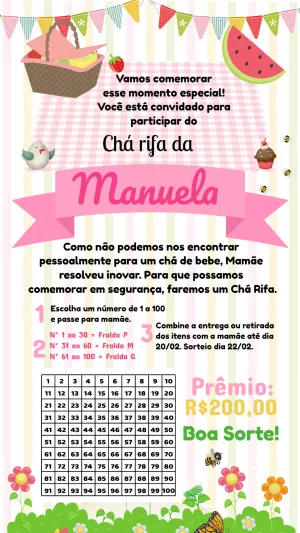 Convite Chá Rifa Piquenique para Editar e Imprimir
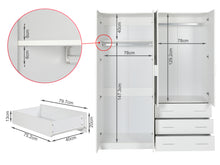 Load image into Gallery viewer, Tongass 4 Door Wardrobe with 3 Drawers - White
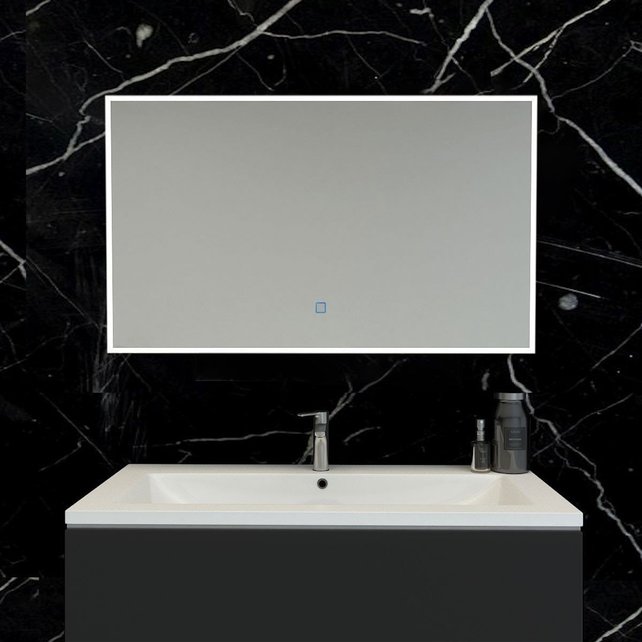 Badkamerspiegel Quatro 100x60cm Geintegreerde LED Verlichting Verwarming Anti Condens Touch Lichtschakelaar Dimbaar Badkamerspiegel Quatro 100x60cm Geintegreerde LED Verlichting Verwarming Anti Condens Touch Lichtschakelaar Dimbaar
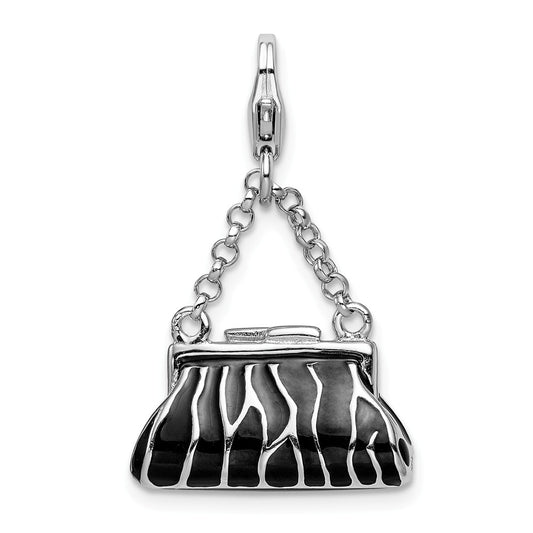 Million Charms 925 Sterling Silver With Rhodium-Plated 3-D Enameled Zebra Hand Bag With Lobster Clasp Charm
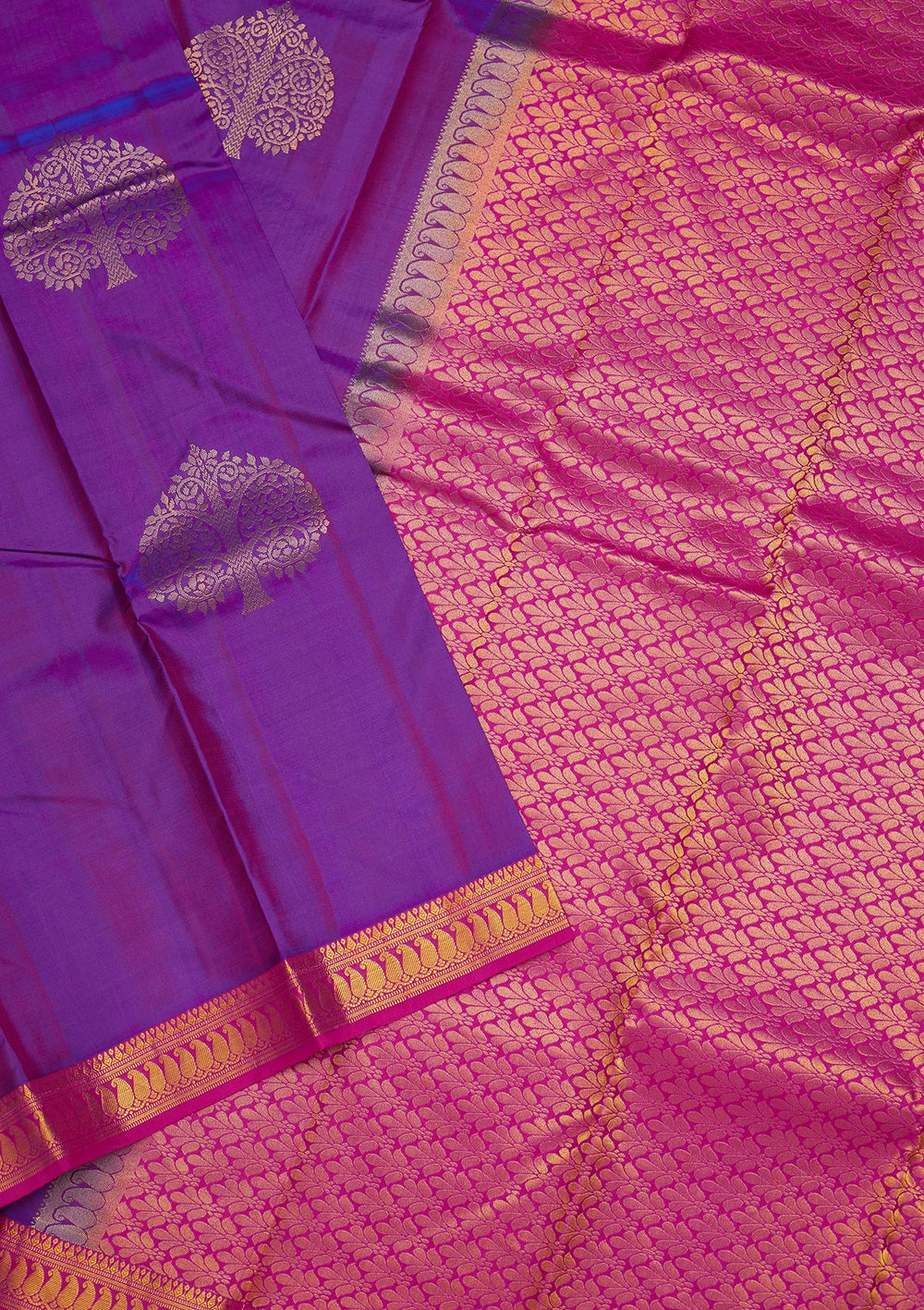 Purple Zariwork Pure Silk Saree-Koskii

• • •

What to produce: Where the line containing "Load image into" appears in the records above, begin copying and continue exactly through the last line, with nothing else; omit every picture.

Task result:
 Load image into Gallery viewer, Tongass 4 Door Wardrobe with 3 Drawers - White
 Badkamerspiegel Quatro 100x60cm Geintegreerde LED Verlichting Verwarming Anti Condens Touch Lichtschakelaar Dimbaar Badkamerspiegel Quatro 100x60cm Geintegreerde LED Verlichting Verwarming Anti Condens Touch Lichtschakelaar Dimbaar
 Million Charms 925 Sterling Silver With Rhodium-Plated 3-D Enameled Zebra Hand Bag With Lobster Clasp Charm
 Purple Zariwork Pure Silk Saree-Koskii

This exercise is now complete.